'''

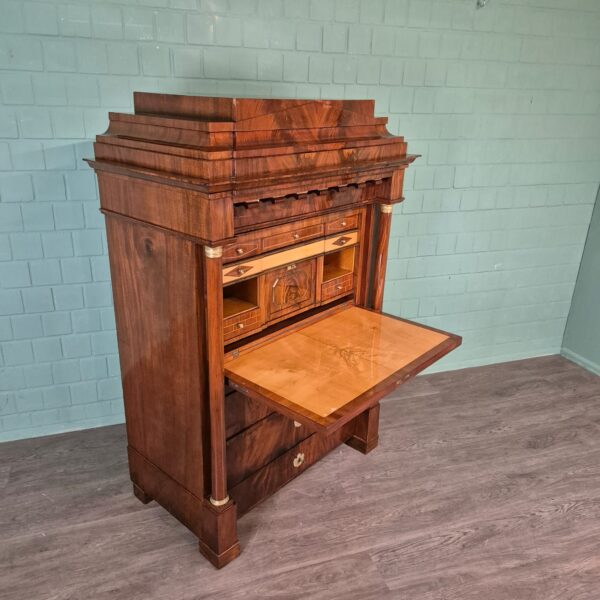 Sekretär Biedermeier 1810 Mahagoni – Bild 5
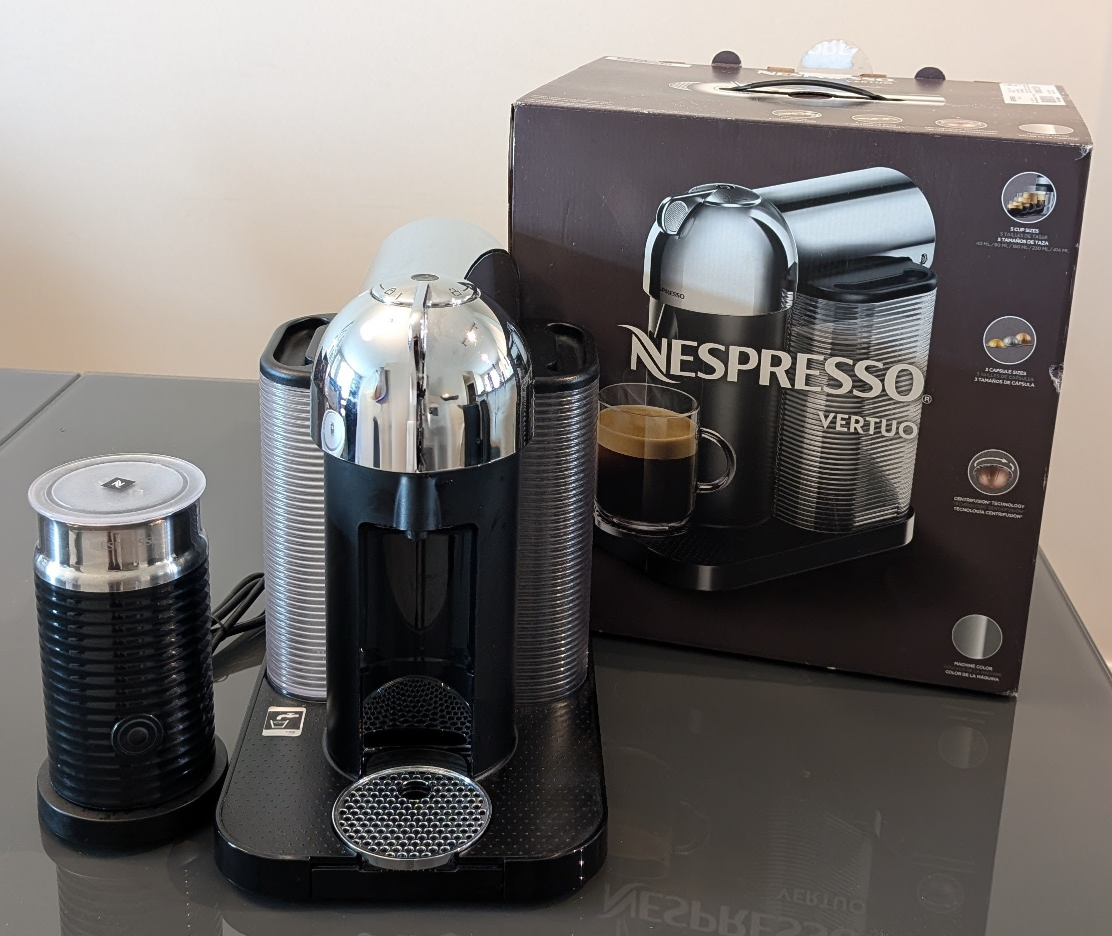 Nespresso coffee machine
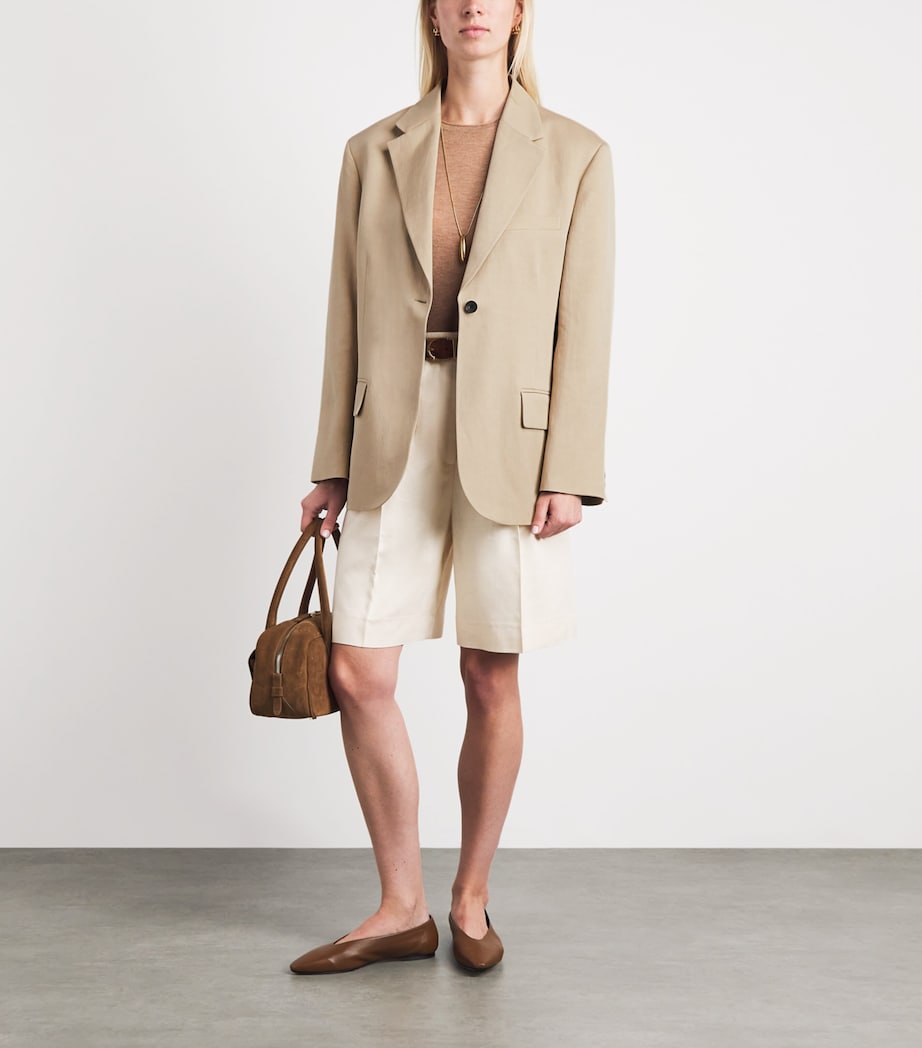 ME+EM Womens Oversized Icon Blazer Warm Stone Image 2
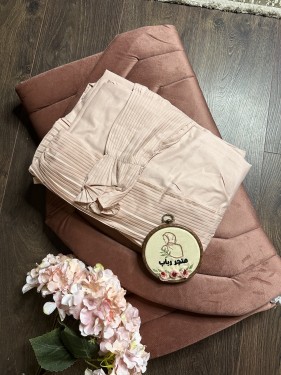 طقم صلاة + سجاد مع شرشف مرد ( ربطة) + هدية مجاني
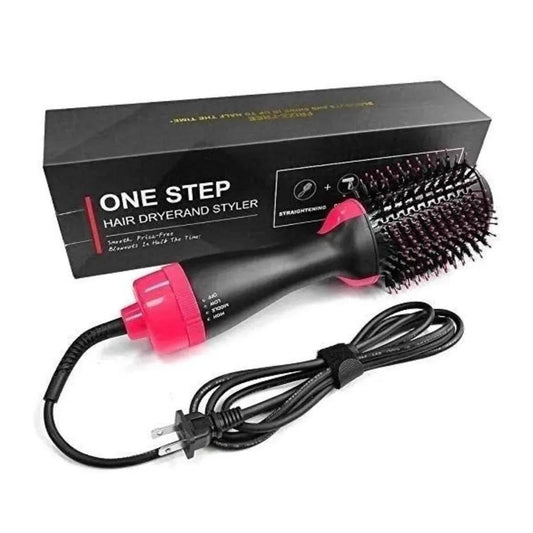 One Step Hair Dryer Styler – 2-in-1 Hot Air Brush for Drying, Straightening & Volumizing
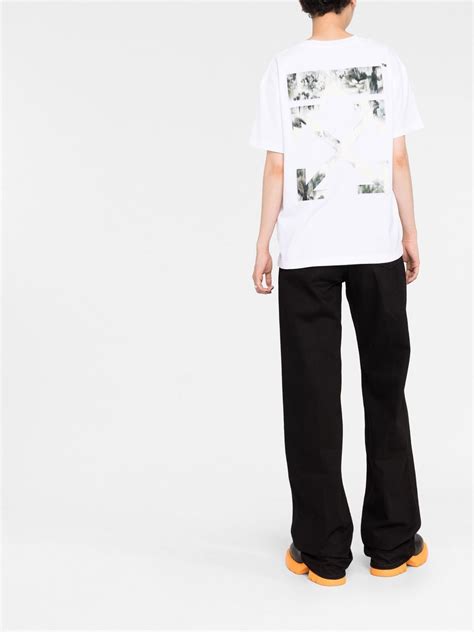 Off-White logo-print T-shirt - Farfetch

'''

PROBLEM TO WORK ON:
Your task is to copy word for word the lines from the line containing "One Step Hair" to the end of the listing, both included, and to drop any pictures.

ANSWER FOR THE TASK:
 One Step Hair Dryer Styler – 2-in-1 Hot Air Brush for Drying, Straightening & Volumizing
 Off-White logo-print T-shirt - Farfetch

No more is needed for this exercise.